━━━ Data block

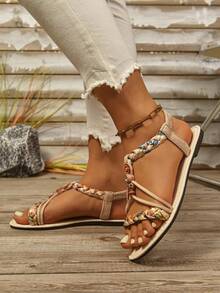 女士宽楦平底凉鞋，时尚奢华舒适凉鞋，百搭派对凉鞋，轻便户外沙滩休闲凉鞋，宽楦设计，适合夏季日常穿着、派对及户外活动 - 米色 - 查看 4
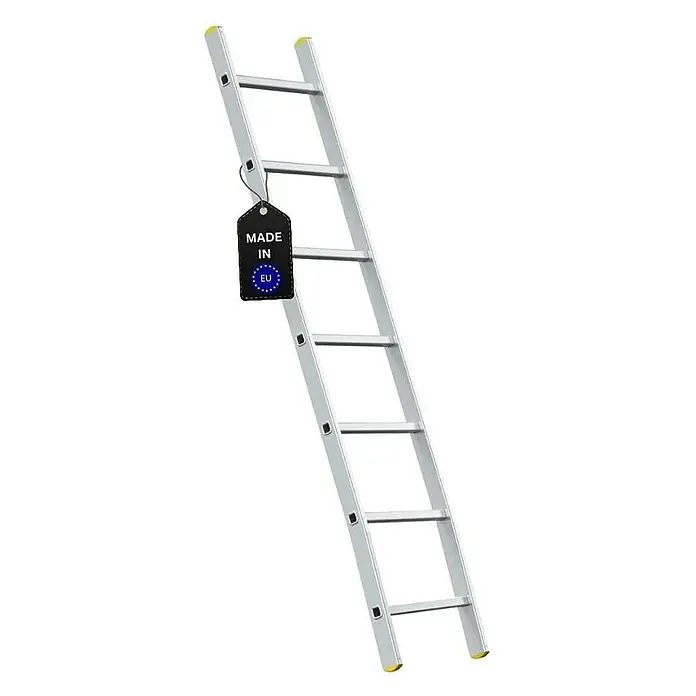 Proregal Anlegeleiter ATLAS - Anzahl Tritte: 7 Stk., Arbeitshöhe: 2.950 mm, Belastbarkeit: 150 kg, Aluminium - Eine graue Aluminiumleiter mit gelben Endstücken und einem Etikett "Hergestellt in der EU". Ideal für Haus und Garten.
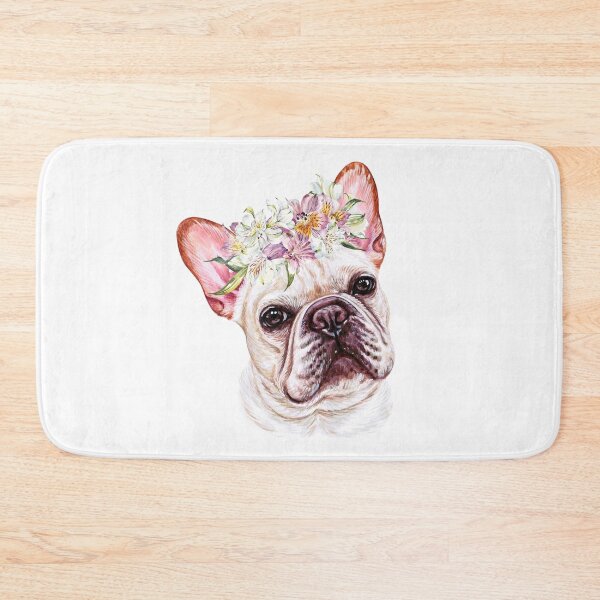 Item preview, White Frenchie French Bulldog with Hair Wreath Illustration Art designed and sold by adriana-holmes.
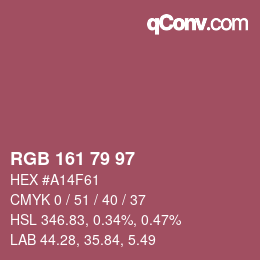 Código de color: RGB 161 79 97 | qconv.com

━━━━━━

▸ Task description: Exactly as given, set down each line of the material, but include no pictures.

▸ Output for this task:
 女士宽楦平底凉鞋，时尚奢华舒适凉鞋，百搭派对凉鞋，轻便户外沙滩休闲凉鞋，宽楦设计，适合夏季日常穿着、派对及户外活动 - 米色 - 查看 4
 Proregal Anlegeleiter ATLAS - Anzahl Tritte: 7 Stk., Arbeitshöhe: 2.950 mm, Belastbarkeit: 150 kg, Aluminium - Eine graue Aluminiumleiter mit gelben Endstücken und einem Etikett "Hergestellt in der EU". Ideal für Haus und Garten.
 Item preview, White Frenchie French Bulldog with Hair Wreath Illustration Art designed and sold by adriana-holmes.
 Código de color: RGB 161 79 97 | qconv.com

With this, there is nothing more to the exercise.